On the heels of Statistics Canada’s annual overview of tuition fee increases across the country (which unfortunately fails to take into account Pauline Marois’s imminen cancellation of the $254 tuition hike in Quebec), it’s worth considering something that everyone involved in student aid policy needs to come to grips with: that there is a significant fraction of student aid recipients who are better off when tuition rises, and worse off when tuition falls.

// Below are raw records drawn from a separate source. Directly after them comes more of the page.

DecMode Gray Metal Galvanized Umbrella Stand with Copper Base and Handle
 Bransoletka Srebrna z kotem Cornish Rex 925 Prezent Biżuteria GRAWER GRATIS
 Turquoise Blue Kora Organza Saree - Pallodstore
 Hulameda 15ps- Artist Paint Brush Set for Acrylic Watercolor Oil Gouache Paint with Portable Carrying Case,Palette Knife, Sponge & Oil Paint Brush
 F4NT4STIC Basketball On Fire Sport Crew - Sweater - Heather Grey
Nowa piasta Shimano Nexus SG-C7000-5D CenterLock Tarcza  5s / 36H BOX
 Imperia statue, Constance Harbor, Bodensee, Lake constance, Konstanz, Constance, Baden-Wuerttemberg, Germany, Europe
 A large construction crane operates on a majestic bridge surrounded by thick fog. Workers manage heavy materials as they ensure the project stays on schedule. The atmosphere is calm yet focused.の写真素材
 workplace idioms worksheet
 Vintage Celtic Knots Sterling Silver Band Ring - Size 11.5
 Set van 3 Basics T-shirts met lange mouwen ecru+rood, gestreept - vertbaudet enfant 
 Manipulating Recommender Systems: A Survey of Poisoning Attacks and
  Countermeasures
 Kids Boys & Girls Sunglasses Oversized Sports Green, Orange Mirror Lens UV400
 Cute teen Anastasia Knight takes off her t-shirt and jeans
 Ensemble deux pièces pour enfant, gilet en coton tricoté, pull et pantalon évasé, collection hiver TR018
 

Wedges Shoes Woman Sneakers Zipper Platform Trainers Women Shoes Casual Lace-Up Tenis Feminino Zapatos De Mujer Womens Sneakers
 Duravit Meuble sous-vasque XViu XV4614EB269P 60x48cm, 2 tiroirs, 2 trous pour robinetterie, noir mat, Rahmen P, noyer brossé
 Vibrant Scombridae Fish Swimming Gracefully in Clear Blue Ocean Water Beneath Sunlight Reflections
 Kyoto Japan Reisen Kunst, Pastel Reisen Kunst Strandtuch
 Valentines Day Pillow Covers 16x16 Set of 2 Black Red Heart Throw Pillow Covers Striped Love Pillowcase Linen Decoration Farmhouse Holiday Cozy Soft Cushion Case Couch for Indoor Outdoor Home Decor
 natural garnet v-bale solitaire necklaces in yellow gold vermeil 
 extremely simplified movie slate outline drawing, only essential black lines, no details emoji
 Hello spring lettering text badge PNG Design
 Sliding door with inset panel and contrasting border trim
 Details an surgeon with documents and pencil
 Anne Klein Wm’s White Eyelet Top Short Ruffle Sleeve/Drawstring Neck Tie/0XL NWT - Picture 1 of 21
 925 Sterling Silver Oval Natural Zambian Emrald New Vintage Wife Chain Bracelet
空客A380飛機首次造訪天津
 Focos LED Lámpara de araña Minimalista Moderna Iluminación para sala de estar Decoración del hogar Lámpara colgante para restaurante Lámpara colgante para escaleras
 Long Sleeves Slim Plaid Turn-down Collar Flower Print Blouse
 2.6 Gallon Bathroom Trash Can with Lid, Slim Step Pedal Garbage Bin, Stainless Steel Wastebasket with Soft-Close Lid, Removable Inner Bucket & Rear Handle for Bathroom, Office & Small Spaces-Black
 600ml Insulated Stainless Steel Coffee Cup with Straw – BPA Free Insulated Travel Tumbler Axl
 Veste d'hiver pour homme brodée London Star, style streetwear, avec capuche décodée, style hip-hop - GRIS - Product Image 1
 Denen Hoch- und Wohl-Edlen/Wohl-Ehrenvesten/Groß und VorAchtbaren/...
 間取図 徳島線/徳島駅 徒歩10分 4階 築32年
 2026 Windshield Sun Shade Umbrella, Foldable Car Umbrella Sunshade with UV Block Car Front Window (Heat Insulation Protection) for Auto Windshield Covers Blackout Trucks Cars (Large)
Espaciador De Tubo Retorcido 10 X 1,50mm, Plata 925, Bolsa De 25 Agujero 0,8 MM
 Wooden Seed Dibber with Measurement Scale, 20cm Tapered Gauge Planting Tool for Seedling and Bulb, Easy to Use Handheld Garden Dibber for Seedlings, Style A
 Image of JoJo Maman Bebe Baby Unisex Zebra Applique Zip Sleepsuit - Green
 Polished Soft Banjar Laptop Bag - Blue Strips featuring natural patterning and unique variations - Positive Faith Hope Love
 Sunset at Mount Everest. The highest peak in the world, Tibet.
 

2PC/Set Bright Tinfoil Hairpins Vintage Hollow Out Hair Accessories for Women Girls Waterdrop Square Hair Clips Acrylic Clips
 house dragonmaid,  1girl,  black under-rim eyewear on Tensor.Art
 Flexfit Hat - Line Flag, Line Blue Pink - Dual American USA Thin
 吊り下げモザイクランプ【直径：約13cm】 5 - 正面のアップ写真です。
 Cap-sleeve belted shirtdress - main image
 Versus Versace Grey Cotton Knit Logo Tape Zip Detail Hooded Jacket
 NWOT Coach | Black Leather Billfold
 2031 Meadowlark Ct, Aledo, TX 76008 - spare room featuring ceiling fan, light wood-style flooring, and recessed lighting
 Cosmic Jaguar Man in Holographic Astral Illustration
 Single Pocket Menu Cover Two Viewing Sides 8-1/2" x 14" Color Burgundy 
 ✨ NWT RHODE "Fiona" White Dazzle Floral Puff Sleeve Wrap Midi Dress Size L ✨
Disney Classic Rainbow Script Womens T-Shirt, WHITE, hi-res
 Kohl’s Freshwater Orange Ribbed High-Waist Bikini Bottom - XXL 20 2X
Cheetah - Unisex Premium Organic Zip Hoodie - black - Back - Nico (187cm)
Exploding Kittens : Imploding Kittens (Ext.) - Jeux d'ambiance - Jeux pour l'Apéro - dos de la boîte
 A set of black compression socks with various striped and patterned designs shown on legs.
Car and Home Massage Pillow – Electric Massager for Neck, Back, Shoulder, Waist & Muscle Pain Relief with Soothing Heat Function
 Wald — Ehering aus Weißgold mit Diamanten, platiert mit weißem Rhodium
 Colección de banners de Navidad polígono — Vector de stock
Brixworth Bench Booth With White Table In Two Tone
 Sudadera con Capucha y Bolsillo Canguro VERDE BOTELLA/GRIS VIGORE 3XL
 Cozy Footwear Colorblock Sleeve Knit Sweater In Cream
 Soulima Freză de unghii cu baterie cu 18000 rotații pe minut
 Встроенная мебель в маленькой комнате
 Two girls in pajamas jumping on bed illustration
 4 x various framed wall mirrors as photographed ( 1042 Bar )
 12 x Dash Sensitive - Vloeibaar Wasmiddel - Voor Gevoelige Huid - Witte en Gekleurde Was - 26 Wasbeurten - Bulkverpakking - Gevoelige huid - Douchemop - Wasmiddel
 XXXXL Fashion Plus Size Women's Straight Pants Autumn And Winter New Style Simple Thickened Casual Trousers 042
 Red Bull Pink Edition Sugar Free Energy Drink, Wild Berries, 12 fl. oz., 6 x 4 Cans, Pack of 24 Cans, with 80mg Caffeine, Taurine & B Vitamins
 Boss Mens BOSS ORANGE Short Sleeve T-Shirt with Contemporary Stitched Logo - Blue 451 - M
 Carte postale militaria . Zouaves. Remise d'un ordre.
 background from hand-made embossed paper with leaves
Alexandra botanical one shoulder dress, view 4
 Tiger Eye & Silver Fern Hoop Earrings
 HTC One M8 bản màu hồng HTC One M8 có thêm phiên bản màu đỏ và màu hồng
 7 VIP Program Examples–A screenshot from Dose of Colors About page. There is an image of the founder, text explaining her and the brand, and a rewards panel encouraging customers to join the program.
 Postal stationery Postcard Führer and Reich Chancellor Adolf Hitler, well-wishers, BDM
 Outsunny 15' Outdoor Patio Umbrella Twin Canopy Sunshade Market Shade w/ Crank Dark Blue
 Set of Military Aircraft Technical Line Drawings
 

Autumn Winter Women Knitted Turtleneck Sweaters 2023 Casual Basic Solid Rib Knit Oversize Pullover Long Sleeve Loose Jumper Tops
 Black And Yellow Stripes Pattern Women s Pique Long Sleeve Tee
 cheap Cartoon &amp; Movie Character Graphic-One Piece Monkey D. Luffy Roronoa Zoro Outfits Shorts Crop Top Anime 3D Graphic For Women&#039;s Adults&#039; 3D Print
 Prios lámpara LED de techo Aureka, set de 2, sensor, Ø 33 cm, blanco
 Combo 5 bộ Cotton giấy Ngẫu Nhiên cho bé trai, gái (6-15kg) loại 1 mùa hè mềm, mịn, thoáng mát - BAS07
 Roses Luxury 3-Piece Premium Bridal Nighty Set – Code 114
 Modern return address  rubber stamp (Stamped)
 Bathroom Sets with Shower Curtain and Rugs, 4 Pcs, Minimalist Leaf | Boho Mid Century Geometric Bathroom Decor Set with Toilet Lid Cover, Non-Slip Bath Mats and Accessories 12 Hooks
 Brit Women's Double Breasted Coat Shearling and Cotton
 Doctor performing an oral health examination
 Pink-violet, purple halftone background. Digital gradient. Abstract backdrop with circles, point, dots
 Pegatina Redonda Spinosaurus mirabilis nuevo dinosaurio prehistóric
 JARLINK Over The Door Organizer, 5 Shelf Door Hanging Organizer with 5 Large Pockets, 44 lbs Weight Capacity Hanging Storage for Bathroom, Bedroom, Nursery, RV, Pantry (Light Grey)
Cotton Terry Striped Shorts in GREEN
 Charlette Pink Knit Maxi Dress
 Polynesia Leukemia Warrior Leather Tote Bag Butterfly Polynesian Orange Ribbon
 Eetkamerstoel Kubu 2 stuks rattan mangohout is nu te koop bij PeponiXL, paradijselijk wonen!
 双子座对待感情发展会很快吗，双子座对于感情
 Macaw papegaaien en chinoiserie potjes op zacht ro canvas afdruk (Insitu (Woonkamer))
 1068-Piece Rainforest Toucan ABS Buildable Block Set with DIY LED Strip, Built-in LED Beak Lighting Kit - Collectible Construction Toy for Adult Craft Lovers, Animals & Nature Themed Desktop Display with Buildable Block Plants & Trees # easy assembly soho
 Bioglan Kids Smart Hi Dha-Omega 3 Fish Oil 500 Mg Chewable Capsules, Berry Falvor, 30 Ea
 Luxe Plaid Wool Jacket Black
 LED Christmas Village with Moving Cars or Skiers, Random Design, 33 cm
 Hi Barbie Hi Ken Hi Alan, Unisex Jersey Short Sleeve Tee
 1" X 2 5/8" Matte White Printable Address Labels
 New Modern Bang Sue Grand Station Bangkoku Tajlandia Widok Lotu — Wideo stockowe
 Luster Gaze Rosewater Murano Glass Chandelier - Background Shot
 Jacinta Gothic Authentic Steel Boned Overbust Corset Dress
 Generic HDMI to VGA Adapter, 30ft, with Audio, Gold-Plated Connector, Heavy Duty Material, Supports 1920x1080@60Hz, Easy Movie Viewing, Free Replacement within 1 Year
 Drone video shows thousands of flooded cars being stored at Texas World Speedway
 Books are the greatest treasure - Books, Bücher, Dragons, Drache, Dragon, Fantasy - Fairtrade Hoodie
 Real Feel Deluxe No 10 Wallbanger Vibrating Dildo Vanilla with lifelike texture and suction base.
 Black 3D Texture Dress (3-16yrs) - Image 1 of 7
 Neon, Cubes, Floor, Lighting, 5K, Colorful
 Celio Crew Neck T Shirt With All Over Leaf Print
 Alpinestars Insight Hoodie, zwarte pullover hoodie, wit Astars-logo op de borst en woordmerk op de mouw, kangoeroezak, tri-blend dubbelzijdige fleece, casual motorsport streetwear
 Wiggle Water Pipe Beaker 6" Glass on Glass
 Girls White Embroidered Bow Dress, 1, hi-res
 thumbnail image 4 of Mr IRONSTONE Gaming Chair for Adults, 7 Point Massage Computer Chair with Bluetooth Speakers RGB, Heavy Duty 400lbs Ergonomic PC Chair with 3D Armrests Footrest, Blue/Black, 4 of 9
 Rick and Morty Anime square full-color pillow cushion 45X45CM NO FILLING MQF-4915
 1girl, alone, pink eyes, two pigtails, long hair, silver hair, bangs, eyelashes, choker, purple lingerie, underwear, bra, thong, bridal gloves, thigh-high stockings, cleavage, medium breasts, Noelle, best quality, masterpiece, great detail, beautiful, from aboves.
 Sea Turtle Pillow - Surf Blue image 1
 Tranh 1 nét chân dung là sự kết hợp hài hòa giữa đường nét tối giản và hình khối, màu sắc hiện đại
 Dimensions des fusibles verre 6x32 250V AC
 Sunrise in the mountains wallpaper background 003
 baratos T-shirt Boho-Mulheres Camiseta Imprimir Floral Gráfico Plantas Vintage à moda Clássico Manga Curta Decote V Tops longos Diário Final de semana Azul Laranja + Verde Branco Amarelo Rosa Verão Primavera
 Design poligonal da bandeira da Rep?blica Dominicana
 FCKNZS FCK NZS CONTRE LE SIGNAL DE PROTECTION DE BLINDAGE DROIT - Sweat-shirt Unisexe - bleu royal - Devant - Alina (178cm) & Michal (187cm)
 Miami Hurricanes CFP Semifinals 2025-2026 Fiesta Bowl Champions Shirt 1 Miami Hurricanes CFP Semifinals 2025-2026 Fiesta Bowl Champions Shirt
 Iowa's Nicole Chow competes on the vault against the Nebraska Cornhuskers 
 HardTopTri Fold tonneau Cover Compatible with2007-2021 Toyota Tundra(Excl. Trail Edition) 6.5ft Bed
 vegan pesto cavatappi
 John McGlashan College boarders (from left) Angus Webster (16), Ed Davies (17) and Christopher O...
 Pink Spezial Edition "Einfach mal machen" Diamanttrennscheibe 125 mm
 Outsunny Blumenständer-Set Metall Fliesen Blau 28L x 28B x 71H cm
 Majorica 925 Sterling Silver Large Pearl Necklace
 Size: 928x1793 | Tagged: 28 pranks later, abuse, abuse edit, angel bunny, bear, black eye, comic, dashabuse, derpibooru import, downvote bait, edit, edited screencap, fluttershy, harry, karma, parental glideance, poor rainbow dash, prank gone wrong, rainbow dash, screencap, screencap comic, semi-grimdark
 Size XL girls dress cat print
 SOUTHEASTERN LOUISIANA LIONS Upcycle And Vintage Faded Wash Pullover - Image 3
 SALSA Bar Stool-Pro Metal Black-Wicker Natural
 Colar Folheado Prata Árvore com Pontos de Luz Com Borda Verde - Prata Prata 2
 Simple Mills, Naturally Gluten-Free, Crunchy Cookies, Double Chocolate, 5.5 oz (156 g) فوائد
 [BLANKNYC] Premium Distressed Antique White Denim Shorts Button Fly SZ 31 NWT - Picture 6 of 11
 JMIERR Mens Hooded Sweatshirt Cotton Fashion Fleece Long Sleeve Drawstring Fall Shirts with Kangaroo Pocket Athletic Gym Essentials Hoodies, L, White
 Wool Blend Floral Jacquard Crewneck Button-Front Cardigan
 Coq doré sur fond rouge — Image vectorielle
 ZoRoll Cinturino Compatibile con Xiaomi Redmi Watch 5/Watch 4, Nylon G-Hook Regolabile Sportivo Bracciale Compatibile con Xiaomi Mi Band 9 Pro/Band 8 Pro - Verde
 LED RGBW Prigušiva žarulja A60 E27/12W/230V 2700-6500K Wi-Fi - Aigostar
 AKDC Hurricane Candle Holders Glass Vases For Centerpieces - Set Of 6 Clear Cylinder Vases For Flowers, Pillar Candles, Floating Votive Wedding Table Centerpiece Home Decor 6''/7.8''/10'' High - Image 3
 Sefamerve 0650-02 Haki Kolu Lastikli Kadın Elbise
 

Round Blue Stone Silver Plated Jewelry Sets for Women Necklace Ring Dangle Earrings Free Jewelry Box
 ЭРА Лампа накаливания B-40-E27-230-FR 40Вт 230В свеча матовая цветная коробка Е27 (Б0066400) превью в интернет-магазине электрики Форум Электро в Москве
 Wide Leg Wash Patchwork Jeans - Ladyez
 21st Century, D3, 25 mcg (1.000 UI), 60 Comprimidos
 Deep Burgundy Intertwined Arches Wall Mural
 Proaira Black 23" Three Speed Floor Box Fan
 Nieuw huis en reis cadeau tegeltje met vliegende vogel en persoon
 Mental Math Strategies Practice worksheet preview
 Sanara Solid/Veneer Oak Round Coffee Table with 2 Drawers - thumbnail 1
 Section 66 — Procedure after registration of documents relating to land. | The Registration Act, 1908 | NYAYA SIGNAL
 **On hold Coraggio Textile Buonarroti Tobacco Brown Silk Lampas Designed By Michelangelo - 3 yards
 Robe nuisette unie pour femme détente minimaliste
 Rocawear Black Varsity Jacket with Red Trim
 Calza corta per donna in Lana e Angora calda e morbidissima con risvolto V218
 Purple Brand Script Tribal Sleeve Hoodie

I’m not making this up. Here’s how it happens:
When students apply for aid, their need is calculated by subtracting their assessed resources from their assessed costs (gory details on need assessment available here, if you’re interested). If the resulting figure is positive the student is eligible for a loan, and if it is sufficiently high the student becomes eligible either for a grant or loan remission payment (which is essentially the same thing). The exact threshold when aid switches from loan to grant differs by province, but the principle is the same across the country. Eventually, (again, the exact threshold varies by province) grants max out and students start having “unmet need.”
When tuition rises by $1, ceteris paribus, need rises by $1 as well. For students with just a little bit of need, that means loans rise by a dollar. But for those students with need high enough to qualify for grants but who have not yet maxed out their aid, a $1 rise in tuition means a $1 rise in grants. In other words, a tuition hike merely triggers an exactly offsetting amount of grant aid.
Here’s where it gets interesting. For every dollar Canadians spend in tuition, they receive a non-refundable tax credit, which can be transferred to a parent or carried forward to another tax year. Depending on the provincial tax rate in the province, a rise of $1 in tuition means an increase in the tax credit of between 21 and 35 cents. For students who are not receiving grants or have maxed them out, this means a $1 tuition hike is really just a 65- to 79-cent hike. But those students eligible for grants are actually up on the deal: they get both the offsetting grant dollar and the tax credit. Conversely, if the government reduces tuition by $1, they are worse off because they lose both the dollar in grants and the 21- to 35-cent tax benefit.
All told, this seriously goofy situation probably affects a little over a quarter of all students receiving aid in Canada. It’s a real policy problem. These are the students governments should most want to help, but when they do so with poorly thought-out populist measures like tuition roll-backs (as happened last decade in Manitoba, Newfoundland and P.E.I.), they actually leave these students worse off.
Pure intentions are no substitute for serious policy analysis. In student aid, the quick fix is nearly always wrong.